**What is being asked**
What are the lines of the listing below, word for word, from the first down to the one that contains "smith-trump-and-o-leary-1 A woman, and"?
───── Data extracts ─────
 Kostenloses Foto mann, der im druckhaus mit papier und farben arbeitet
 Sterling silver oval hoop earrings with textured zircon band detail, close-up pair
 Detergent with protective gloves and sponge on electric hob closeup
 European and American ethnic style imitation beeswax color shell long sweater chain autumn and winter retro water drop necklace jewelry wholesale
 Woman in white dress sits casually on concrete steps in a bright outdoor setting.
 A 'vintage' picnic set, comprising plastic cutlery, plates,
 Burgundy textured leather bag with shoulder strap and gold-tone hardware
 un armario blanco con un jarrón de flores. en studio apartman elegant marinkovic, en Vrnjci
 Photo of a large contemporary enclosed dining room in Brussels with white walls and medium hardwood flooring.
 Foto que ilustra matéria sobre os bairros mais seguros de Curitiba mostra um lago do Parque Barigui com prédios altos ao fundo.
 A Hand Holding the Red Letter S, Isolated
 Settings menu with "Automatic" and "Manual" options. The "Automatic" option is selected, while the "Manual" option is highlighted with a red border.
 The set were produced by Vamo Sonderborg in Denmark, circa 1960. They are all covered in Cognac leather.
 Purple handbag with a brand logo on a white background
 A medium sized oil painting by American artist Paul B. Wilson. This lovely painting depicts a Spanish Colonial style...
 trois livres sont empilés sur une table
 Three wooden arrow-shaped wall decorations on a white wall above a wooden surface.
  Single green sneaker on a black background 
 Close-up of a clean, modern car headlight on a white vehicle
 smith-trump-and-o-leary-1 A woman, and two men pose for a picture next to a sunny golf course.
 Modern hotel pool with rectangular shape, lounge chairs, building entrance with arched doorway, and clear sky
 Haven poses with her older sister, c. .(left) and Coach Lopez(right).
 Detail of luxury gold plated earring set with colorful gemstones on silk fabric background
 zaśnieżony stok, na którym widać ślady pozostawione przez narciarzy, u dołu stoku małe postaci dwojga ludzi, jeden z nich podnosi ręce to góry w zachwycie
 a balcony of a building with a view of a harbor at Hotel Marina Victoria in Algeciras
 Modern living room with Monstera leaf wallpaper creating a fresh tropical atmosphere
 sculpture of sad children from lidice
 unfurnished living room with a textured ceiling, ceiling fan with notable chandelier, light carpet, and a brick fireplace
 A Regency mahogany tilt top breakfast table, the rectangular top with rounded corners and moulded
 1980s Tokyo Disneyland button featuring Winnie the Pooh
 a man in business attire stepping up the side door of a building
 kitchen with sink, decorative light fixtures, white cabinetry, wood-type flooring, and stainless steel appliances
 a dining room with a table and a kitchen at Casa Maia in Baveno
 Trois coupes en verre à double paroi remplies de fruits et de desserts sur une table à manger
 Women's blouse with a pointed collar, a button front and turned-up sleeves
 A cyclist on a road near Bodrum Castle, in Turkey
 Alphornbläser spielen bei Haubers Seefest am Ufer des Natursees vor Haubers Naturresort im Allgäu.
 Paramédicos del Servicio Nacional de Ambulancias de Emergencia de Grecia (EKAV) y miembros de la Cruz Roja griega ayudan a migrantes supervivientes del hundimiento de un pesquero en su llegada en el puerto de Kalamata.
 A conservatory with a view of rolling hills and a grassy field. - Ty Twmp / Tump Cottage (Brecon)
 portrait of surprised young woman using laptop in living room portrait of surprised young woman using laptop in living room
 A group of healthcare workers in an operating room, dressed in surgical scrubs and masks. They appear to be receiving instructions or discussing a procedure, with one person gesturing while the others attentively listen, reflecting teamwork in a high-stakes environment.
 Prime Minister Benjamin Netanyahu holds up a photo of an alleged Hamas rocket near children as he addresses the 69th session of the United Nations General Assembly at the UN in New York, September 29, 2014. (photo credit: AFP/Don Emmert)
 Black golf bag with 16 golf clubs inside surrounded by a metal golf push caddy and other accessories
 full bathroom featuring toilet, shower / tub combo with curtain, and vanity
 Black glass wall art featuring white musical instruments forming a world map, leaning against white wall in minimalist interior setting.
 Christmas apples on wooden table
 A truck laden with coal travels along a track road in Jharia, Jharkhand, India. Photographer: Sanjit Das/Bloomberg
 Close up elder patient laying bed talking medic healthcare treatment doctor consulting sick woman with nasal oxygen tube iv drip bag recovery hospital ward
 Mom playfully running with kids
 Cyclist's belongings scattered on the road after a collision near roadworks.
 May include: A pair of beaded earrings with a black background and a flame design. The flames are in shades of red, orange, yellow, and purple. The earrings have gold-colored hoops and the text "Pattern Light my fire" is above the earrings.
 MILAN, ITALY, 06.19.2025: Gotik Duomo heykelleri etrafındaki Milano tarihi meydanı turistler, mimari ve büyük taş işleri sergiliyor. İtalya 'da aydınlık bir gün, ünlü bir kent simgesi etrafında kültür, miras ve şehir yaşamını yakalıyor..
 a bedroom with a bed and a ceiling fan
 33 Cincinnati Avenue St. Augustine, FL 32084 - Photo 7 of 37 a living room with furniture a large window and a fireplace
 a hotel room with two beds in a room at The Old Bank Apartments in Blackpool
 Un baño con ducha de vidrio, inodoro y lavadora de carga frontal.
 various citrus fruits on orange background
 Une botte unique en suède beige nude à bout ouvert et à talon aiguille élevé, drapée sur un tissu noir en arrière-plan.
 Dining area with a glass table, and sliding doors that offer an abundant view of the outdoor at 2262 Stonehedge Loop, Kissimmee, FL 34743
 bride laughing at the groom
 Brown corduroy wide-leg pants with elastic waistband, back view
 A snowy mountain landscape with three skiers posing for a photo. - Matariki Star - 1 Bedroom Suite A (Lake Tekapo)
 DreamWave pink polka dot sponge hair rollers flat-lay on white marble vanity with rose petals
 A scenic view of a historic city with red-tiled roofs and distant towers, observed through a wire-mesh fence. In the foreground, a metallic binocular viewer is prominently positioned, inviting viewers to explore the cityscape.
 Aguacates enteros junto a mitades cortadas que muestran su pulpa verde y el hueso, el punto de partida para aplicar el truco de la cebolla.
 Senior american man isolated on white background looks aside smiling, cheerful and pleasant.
─────
**Reply to the task**
 Kostenloses Foto mann, der im druckhaus mit papier und farben arbeitet
 Sterling silver oval hoop earrings with textured zircon band detail, close-up pair
 Detergent with protective gloves and sponge on electric hob closeup
 European and American ethnic style imitation beeswax color shell long sweater chain autumn and winter retro water drop necklace jewelry wholesale
 Woman in white dress sits casually on concrete steps in a bright outdoor setting.
 A 'vintage' picnic set, comprising plastic cutlery, plates,
 Burgundy textured leather bag with shoulder strap and gold-tone hardware
 un armario blanco con un jarrón de flores. en studio apartman elegant marinkovic, en Vrnjci
 Photo of a large contemporary enclosed dining room in Brussels with white walls and medium hardwood flooring.
 Foto que ilustra matéria sobre os bairros mais seguros de Curitiba mostra um lago do Parque Barigui com prédios altos ao fundo.
 A Hand Holding the Red Letter S, Isolated
 Settings menu with "Automatic" and "Manual" options. The "Automatic" option is selected, while the "Manual" option is highlighted with a red border.
 The set were produced by Vamo Sonderborg in Denmark, circa 1960. They are all covered in Cognac leather.
 Purple handbag with a brand logo on a white background
 A medium sized oil painting by American artist Paul B. Wilson. This lovely painting depicts a Spanish Colonial style...
 trois livres sont empilés sur une table
 Three wooden arrow-shaped wall decorations on a white wall above a wooden surface.
  Single green sneaker on a black background 
 Close-up of a clean, modern car headlight on a white vehicle
 smith-trump-and-o-leary-1 A woman, and two men pose for a picture next to a sunny golf course.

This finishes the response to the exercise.